PROBLEM REQUIREMENTS:
Below are the records. Retype exactly the lines between the lines holding "Cancun, Quintana Roo, Mexico" and "eine Küche mit", inclusive.

RECORDS TO PROCESS:
^^^^

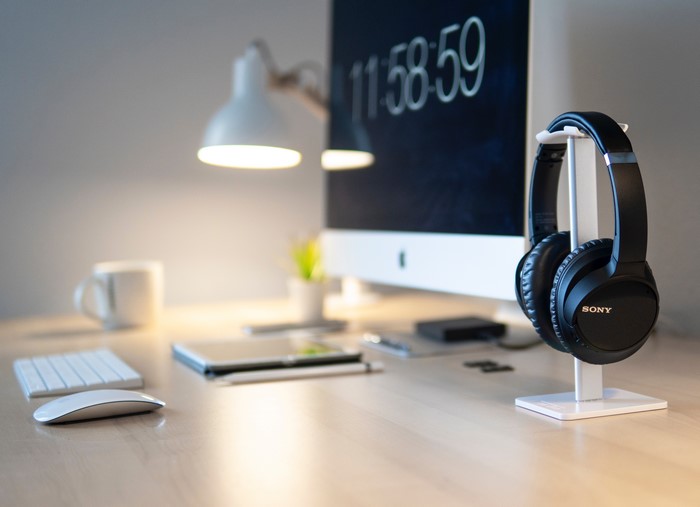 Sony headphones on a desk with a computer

^^^^

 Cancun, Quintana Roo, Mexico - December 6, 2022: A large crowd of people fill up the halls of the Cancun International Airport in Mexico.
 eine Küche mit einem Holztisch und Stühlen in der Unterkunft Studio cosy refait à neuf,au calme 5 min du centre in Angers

^^^^

ANSWER BELOW:
 Cancun, Quintana Roo, Mexico - December 6, 2022: A large crowd of people fill up the halls of the Cancun International Airport in Mexico.
 eine Küche mit einem Holztisch und Stühlen in der Unterkunft Studio cosy refait à neuf,au calme 5 min du centre in Angers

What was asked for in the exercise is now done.